Musical theater is this thing which elicits very strong opinions. People tend to be either die-hard fans or they love to hate the genre. Why do you think it is such a divisive medium?
Some people just don't understand why people break out into song to express their emotions in the middle of a scene. That's not real for them. And I get it. There are some shows that make me feel the same way. It's all in how it's delivered. Certain styles work for some people, and others for other people.
Do you have any ties to Philadelphia?
I first went there on a school trip, and I've been there to play a bunch of times. Two of my college roommates were from Philly. One year we spent Christmas down there, and on Christmas morning we went and saw Schindler's List in a Philly movie theater. I remember it was during a snowstorm, and we drove down that beautiful road where you see all the houses lit up — Boathouse Row.
There's a production of Wicked coming to Philadelphia late this month. Do you still have ties to the ensemble?
I don't have ties with the cast, because it's so many iterations away from when I was in it. It's been so long, you know. But I just went back recently. I brought my son to see it for the very first time. He stayed awake for the whole thing until the last two minutes. I had to carry him backstage to say hi to the Glinda and Elphaba with him hanging on me drooling.
Was it weird seeing someone else say the lines you've said so many times?
No, that's only weird when you're still in it, when it's still raw. Maybe you're sick and you watch an understudy do it. That's weird.
I remember, one day, during a different show, I had laryngitis. I wanted to go support the cast and my understudy, so I snuck into the back of the theater and watched the show without me. It was the worst thing I could have done. My understudy was so good. All I had in my head was how I should have done it like her the whole time.
Once you hit the road for your world tour will you have a rider? What's on it?

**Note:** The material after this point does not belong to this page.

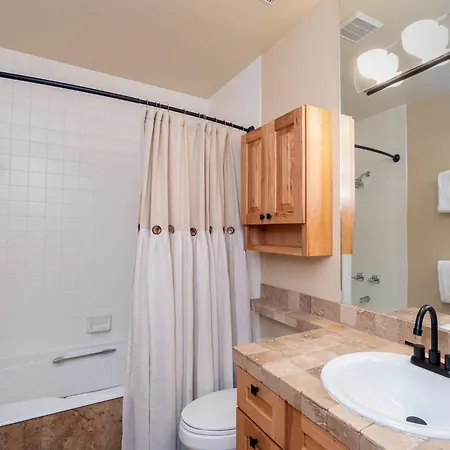 Viking 100ab Apartment Telluride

Oh you mean like all green M&M's or something? Mine is really exciting. It's baby wipes, some healthy snacks, a bottle of wine, which I usually don't drink, but I let the people around me have it. Usually I'll put a toy on there for my son in the dinosaur-slash-ninja category, so he has a fun thing to look forward to at Mommy's work.
Do you still get stage fright?
Sometimes, yeah, stage fright. Not for these concerts so much, maybe the first time I went out. I don't like to know if there's someone I admire in the audience, like a celebrity I've looked up to my entire life. That stuff freaks me out, so people know not to tell me until after.
The hardest thing is when you're in an environment where you've never sung before, like some live TV show, when it's a one-off and you're not used to your surroundings. It's different when you're in a Broadway theater or when I'm doing my concerts — I'm surrounded by the same guys, the stage is set up the same way. You find a rhythm.
It's different when you just have to do one song somewhere very important, like the Oscars. I definitely had some nerves going on then.
With all those nerves going on, how did you take the whole "Adele Dazeem" thing?
It actually focused me. Because it had thrown me for a second, but then I realized I had about eight seconds of introductory music to get my s- together. I thought, "Are you going to let this determine your performance at such an important moment in your life?"
But then later, it was one of the best things that ever happened to me. It got my name out to all these people who had never heard my music.